AVAILABLE DATA:
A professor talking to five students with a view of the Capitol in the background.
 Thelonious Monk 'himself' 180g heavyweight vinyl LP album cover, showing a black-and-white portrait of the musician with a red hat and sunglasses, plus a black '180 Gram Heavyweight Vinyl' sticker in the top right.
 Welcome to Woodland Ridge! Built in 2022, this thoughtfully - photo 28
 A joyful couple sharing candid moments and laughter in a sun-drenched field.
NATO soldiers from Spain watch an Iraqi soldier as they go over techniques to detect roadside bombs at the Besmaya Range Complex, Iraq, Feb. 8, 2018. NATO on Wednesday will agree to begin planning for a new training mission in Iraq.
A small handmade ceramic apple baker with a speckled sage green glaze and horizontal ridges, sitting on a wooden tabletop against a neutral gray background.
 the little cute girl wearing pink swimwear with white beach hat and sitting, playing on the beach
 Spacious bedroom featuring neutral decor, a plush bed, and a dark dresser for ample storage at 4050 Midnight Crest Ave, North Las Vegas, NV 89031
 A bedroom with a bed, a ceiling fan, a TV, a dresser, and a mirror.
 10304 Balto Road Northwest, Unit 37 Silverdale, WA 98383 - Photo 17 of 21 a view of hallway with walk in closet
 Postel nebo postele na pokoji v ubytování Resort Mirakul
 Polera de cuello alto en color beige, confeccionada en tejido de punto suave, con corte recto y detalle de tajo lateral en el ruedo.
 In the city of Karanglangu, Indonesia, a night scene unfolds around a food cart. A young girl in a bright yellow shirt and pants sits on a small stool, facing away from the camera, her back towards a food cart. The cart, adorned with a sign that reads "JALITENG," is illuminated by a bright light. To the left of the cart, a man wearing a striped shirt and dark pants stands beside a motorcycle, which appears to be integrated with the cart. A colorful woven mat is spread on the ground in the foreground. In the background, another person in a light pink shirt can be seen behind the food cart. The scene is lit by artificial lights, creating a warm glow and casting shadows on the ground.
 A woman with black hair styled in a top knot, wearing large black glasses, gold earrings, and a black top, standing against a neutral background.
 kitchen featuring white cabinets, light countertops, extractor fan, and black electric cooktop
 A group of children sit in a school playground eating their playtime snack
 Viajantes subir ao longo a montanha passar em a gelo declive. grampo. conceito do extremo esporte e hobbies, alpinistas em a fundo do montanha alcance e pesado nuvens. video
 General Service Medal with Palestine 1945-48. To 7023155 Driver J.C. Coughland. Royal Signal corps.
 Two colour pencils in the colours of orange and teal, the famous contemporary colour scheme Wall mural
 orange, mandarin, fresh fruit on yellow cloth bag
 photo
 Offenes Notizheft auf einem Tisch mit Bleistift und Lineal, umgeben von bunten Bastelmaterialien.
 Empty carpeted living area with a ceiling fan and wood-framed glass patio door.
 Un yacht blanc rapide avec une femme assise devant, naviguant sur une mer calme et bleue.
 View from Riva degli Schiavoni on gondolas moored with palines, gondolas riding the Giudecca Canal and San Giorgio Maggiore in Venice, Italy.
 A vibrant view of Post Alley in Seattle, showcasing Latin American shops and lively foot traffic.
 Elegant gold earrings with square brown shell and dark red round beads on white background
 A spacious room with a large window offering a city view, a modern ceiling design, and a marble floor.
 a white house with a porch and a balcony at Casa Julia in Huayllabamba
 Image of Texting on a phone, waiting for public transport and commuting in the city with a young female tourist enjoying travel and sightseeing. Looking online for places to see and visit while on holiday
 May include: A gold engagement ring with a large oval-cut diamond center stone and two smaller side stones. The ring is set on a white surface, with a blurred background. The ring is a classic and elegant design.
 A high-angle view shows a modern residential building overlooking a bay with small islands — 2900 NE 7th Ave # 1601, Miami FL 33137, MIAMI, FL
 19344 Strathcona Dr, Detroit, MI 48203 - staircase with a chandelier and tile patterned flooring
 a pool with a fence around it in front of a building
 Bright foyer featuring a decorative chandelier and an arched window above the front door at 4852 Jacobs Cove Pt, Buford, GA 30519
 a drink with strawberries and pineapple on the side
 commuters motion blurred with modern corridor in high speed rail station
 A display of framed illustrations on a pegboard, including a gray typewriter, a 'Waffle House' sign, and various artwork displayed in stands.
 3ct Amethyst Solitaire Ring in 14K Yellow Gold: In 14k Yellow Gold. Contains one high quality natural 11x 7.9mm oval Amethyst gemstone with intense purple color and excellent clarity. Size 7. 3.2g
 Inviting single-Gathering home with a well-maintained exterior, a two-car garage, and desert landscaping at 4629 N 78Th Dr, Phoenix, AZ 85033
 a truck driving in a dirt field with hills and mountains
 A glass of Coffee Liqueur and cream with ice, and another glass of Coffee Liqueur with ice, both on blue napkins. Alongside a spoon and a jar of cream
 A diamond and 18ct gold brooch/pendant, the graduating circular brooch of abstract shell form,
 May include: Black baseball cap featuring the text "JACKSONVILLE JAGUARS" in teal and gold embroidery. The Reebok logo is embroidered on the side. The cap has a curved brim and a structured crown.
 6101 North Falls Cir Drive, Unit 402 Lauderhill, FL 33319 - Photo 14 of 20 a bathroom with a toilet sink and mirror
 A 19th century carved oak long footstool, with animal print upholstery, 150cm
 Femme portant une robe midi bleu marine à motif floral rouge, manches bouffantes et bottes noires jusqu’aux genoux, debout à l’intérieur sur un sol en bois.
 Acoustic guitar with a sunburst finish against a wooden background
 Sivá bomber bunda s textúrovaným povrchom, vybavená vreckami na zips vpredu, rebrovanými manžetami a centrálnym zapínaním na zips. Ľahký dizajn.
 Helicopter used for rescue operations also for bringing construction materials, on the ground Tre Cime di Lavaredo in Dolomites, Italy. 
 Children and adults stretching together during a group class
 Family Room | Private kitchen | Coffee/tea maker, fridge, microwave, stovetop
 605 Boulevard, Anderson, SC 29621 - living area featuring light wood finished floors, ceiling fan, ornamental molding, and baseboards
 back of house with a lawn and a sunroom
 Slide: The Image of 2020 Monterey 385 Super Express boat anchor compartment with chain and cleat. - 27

HOW TO COMPLETE THIS TASK: Please count the lines of the material above that contain "large", and give only the number.

EXERCISE RESULT: 3